# Data to examine
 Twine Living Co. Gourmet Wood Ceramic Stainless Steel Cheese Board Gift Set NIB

...

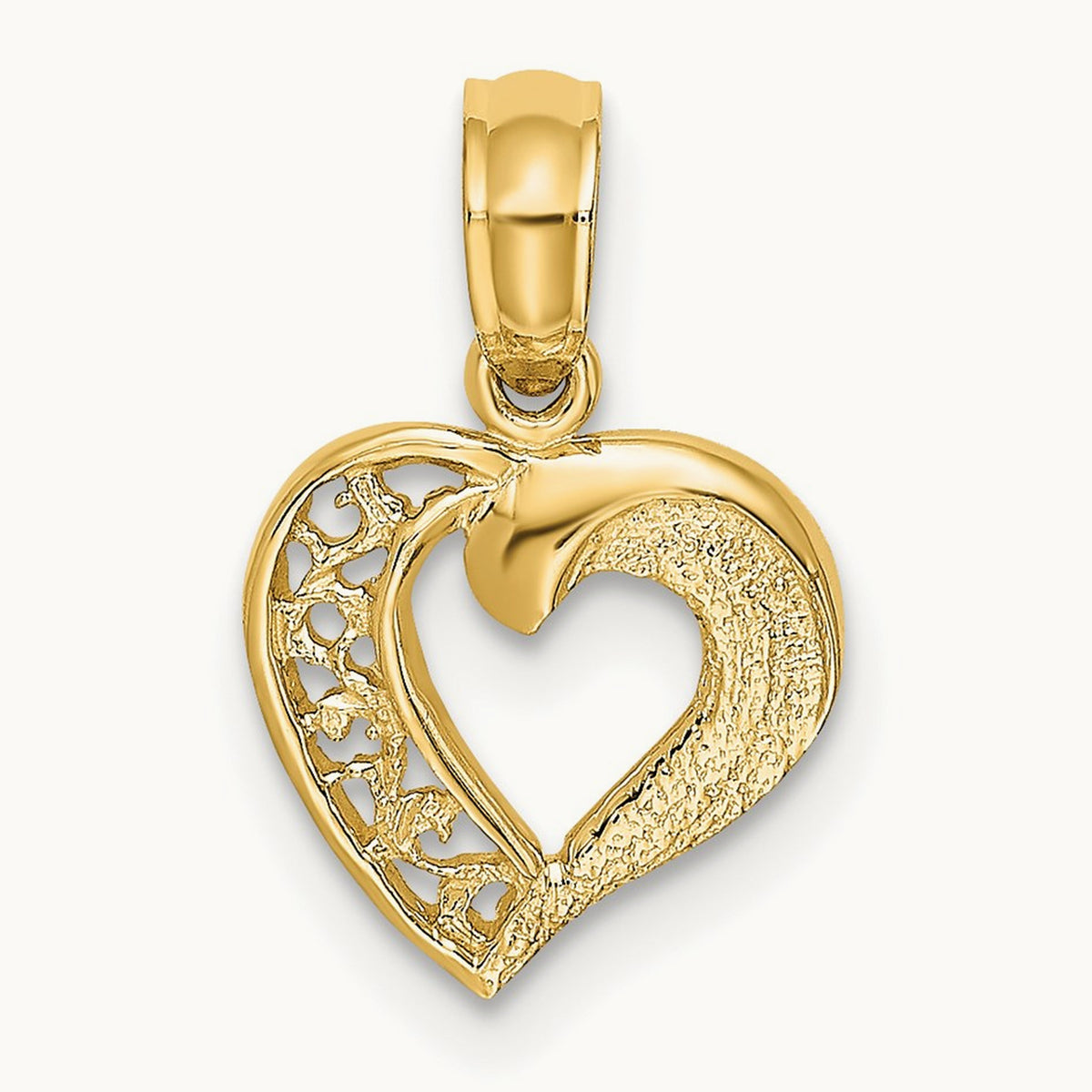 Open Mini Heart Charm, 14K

* * *

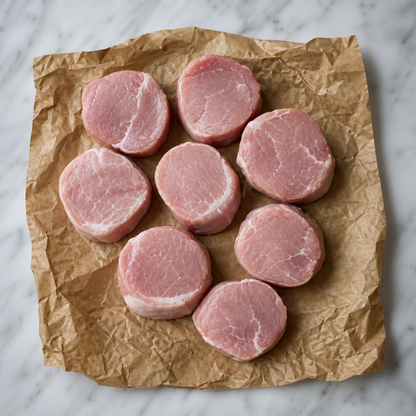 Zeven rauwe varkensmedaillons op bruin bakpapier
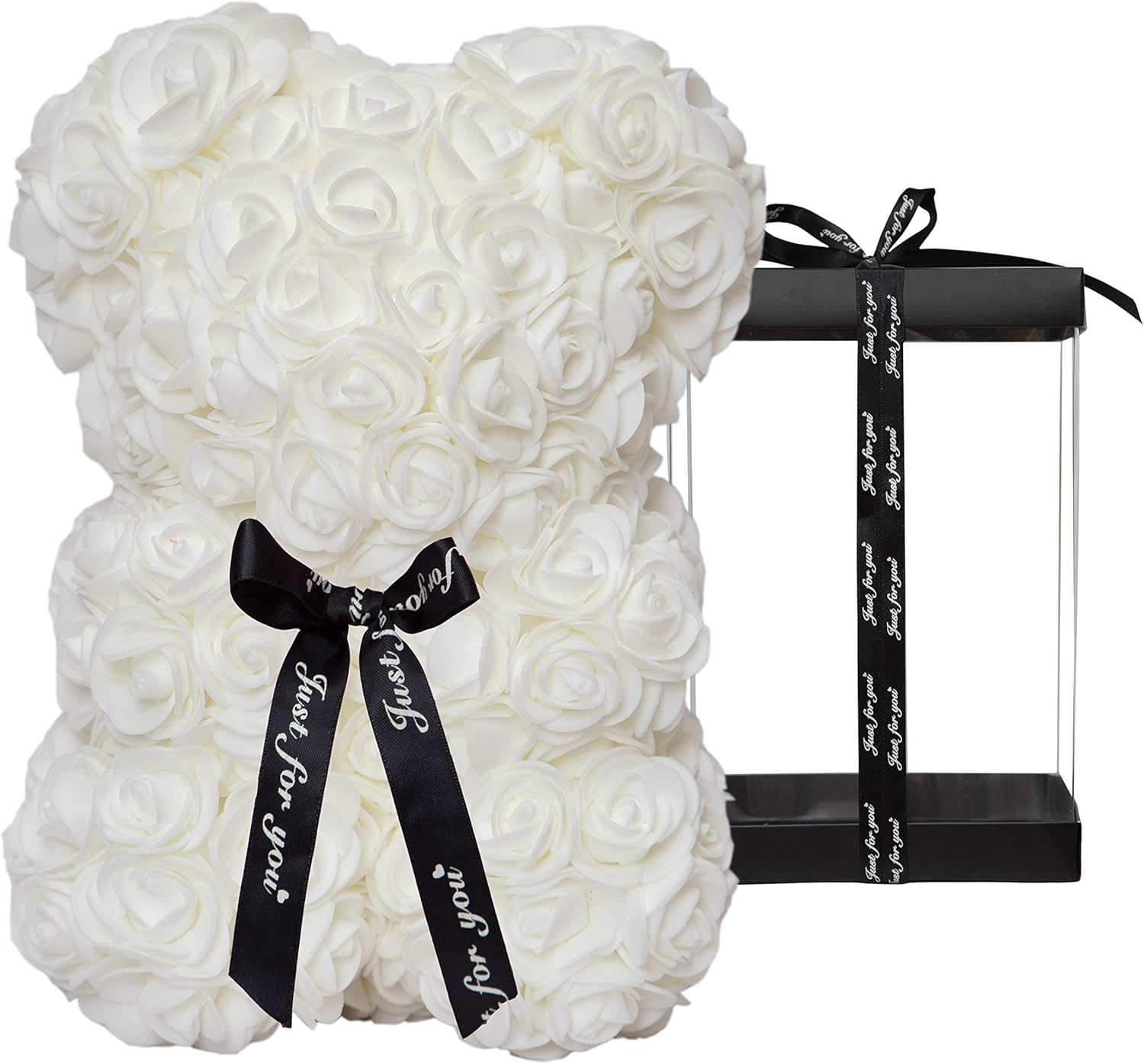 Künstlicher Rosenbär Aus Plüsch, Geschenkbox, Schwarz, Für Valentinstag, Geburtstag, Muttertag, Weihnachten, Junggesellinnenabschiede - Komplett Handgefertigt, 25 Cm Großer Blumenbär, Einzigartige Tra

# Goal of the exercise
Could you repeat, exactly, only the lines above starting at the one that has "Zeven rauwe varkensmedaillons" and stopping after the one that has "Künstlicher Rosenbär Aus", without the pictures?

# Exercise response
 Zeven rauwe varkensmedaillons op bruin bakpapier
 Künstlicher Rosenbär Aus Plüsch, Geschenkbox, Schwarz, Für Valentinstag, Geburtstag, Muttertag, Weihnachten, Junggesellinnenabschiede - Komplett Handgefertigt, 25 Cm Großer Blumenbär, Einzigartige Tra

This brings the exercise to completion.